Page 57
Story: I Am Still Alive
It’s scattered around me. I grope for it, not daring to take my eyes off the creature. I find one bullet. Pick it up with fumbling fingers. The growl rises, the wolf-dog going stock-still. Bo growls in answer.
I load the bullet as smoothly as I can with every muscle trembling. I barely learned to do it right with my dad watching and the sunlight streaming down; doing it in the dark, shaking in fear, I drop it twice. Still Bo and the wolf-dog don’t move.
Then the bullet is in. I lift the rifle. The wolf-dog stares at me. It tenses.
Bo snarls as he flings himself up the side of the hole.
I whip the barrel of the rifle up as he slams into the wolf, teeth flashing white in the dark. They whirl together in a storm of snapping and snarling.
The wolf-dog springs away, runs. Bo runs after.
“Bo!” I shout. I don’t want him to leave me. He slows to a trot and turns back to me, panting. “Please,” I say.
He comes back reluctantly. I pull myself up the side of the hole as he approaches and slide my arms around him. His fur is wet. Warm-wet, not the wet of melted snow. Blood. I hope it isn’t his.

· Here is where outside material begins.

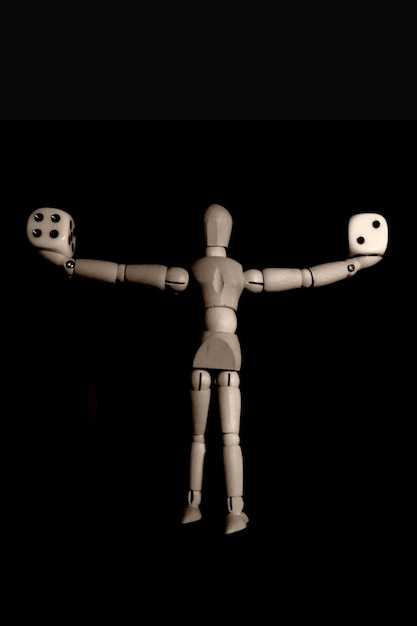 Full length of a mannequin holding dices over black background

He lets me hold on to him for a few seconds, then shakes me off and trots away. I call after him, but he ignores me. I hear him moving through the brush not far off. Circling. Keeping me safe.

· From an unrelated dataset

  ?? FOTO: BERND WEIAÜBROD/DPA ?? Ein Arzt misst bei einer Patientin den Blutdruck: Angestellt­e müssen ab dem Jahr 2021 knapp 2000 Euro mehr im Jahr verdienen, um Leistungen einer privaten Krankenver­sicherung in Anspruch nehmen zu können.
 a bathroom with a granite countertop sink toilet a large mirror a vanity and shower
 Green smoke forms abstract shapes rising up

I get to my feet. More scavengers will be coming. Or predators. I don’t know if the wolf-dog is after me or the body, but either way I can’t stay here.
My stomach cramps with hunger. Already the energy bar has burned through my system.

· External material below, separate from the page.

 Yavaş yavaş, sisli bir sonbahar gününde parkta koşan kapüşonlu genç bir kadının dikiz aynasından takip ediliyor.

I get the shovel and start to lever myself out of the hole. And then I stop.
The crate. I should check the crate.
It isn’t a big hole. His body lies on top of the crate, covering it. I’ll have to move him to get at it. The thought makes my gut clench up, and I turn my face away.
What if I leave the crate, and whatever is in it could have saved me? What if there’s food? Weapons? A radio?
Accepting that I will die is not the same as giving up. Leaving is giving up. I can’t just leave.
I can see the edge of the crate under my dad. Under his body. Under the body, I tell myself. Just meat going bad, that’s all. I can do this.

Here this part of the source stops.